Francisco-López-Vargas7

Eran los días de la prepa. Estudiaba en la Miguel Hidalgo y estrenábamos el local frente al Conalep; ahí, cerca de lo que hoy es la Secretaría de Educación del Estado.

Muchos de mis compañeros de esos días siguen siendo mis amigos, algunos de ellos más cercanos que otros, pero la bienvenida a mi regreso a Campeche me la dieron ellos y fue la primera vez que sentí que, al fin, era aceptado en una ciudad que sólo conocía por los días de vacaciones.

Ahí, recorriendo esos terrenos aledaños casi selváticos, alguien sembró una mata de marihuana en el patio central del plantel. Era como un trofeo que muchos de mis compañeros cuidaban con esmero.

Una mañana, en uno de los descansos entre clases, recargados tomando un refresco y una torta en el único puesto que había en la escuela, vimos con asombro cómo estudiantes del colegio de enfrente entraron a los pasillos y, sin imaginarlo, corrieron, arrancaron de cuajo la mata y salieron corriendo mientras varios amigos y compañeros los perseguían.

No recuerdo si se recuperó o no la mata, pero la historia la tengo fresca en la memoria a pesar de que algunas otras anécdotas se han ido difuminando con el paso de los años y he perdido los detalles.
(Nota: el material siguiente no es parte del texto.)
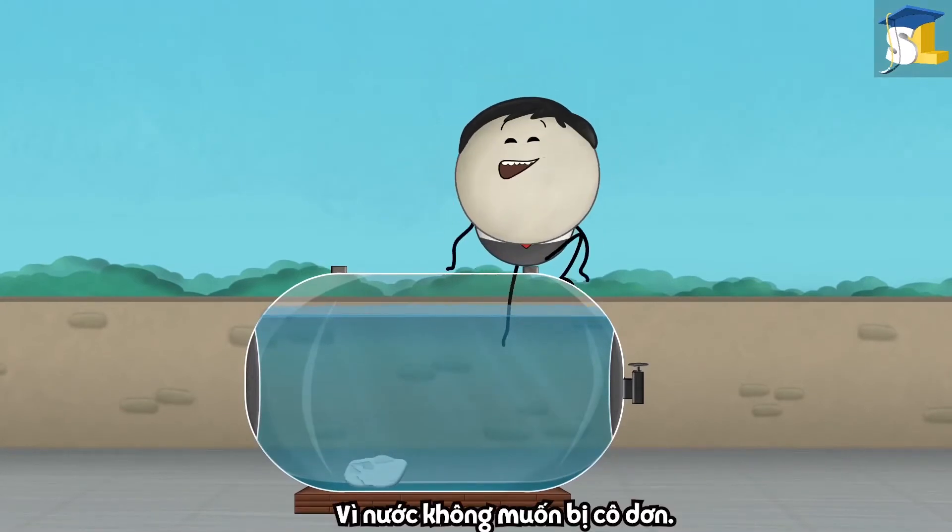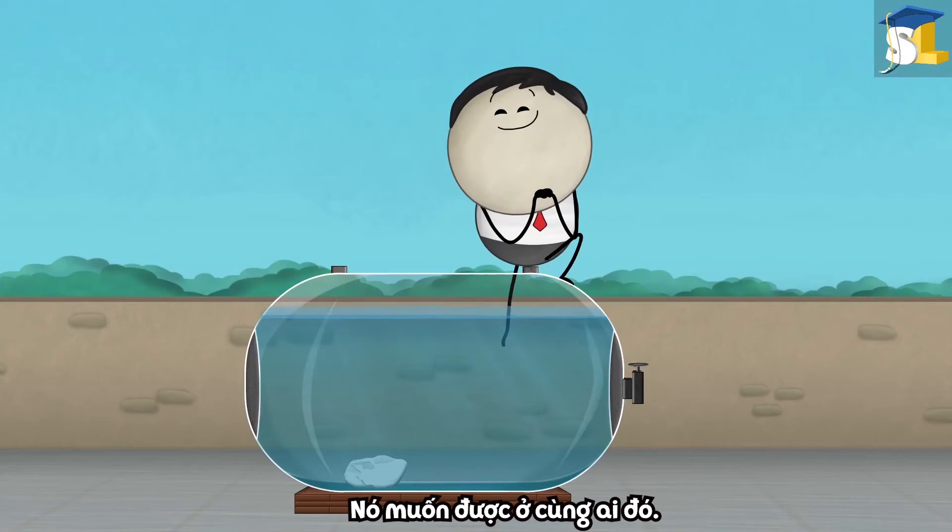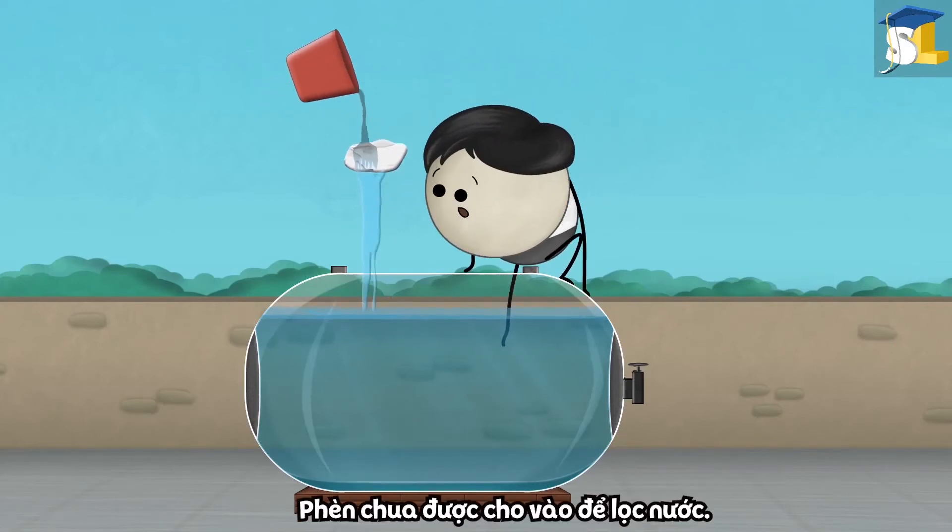Because water does not like to be alone. It wants somebody's company. No. Alum is added to purify water.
Fue en esos días cuando probé la marihuana. Varias veces fumé con algunos de mis compañeros de esos días, otras veces bastó el humo para sentir los efectos, pero conforme pasaron los días dejé de tomarle sentido a la experiencia que provocaba en mi la intoxicación. Ratos de euforia o episodios de absoluta abstracción y silencio, acompañado más adelante del dolor de cabeza y un hambre feroz.

Después de esas experiencias dejé de compartir la afición de mis amigos, varios de ellos aficionados hasta hoy a echarse su bachita, nombre coloquial de un cigarrillo forjado con el dulce papel de arroz.

Ninguno de mis amigos de esos días ha terminado loco o delincuente. Muchos siguen “volando” todas las mañanas y tardes, pero no son gente peligrosa como no lo son los que toman mucho aunque, a ratos, hartan y cansan porque no se dan cuenta que la intoxicación los pone intratables. En fin.

Hoy, cuando la discusión sobre la marihuana se vuelve formal, resulta estúpido tener un gobierno que sigue negándose a gobernar, a dar seguridad, a dar satisfactores a la sociedad pero que se pone muy beligerante al sancionar con impuestos a los que les gustan los refrescos, las comidas de alto contenido calórico y todo lo que uno, por decisión propia y libre albedrío, usa, come o se unta. A nada tiene más derecho una persona que a decidir qué come, qué toma, con quién se relaciona, cómo se viste y si se intoxica o no siempre y cuando no lesione a otro ciudadano.

Es estúpido quedarnos rezagados en el tema de las libertades. Nos inunda el narco, los políticos se benefician de manera ilegal de los sobornos y el mercado negro hace multimillonarios a personajes como El Chapo. Los homicidios del crimen no son más que los muertos por manejar ebrios, dicen las estadísticas, pero nadie prohíbe el alcohol; mueren de cáncer miles por fumar, y nadie prohíbe el tabaco.

La prohibición siempre tendrá el efecto contrario al que se persigue. La historia nos lo demuestra con claridad en el Chicago de Alphonse Gabriele Capone y la ley Volstead.

El conservadurismo no nos deja evolucionar, nos impide llegar a una sociedad madura, pero sobre todo lo que nos urge es educación, que la gente sepa y tenga conciencia de que sus actos tienen consecuencia, que todo lo que se hace tiene un precio y una repercusión que fuerza a hacerle frente.

Hoy, hay que decirlo, los temas de seguridad se agravarán antes de resolverse. La evolución del crimen es más rápida y más eficiente que las acciones de una sociedad que la enfrenta con cientos de prejuicios y limitantes.

La apología del delito que se ve en las calles, en las redes sociales son la consecuencia natural en respuesta a un gobierno que no resuelve, que reprime, que no le da mayores y mejores índices de bienestar a sus ciudadanos que ven cómo se enriquecen a pasos agigantados sólo dos tipos sociales: los narcos y los políticos, ambos gozando de total impunidad a pesar de verlos cometer sus delitos.

La próxima revolución no será con pancartas gritando patria y libertad. La nueva revolución la hacen a diario quienes para poder comer deciden vender una grapa, unos “churros”, formarse en la fila del súper para ofrecer sexo por un kilo de jamón o una pequeña despensa, ese vecino que nos negamos a ver y que quizá nos pidió ayuda y se la negamos.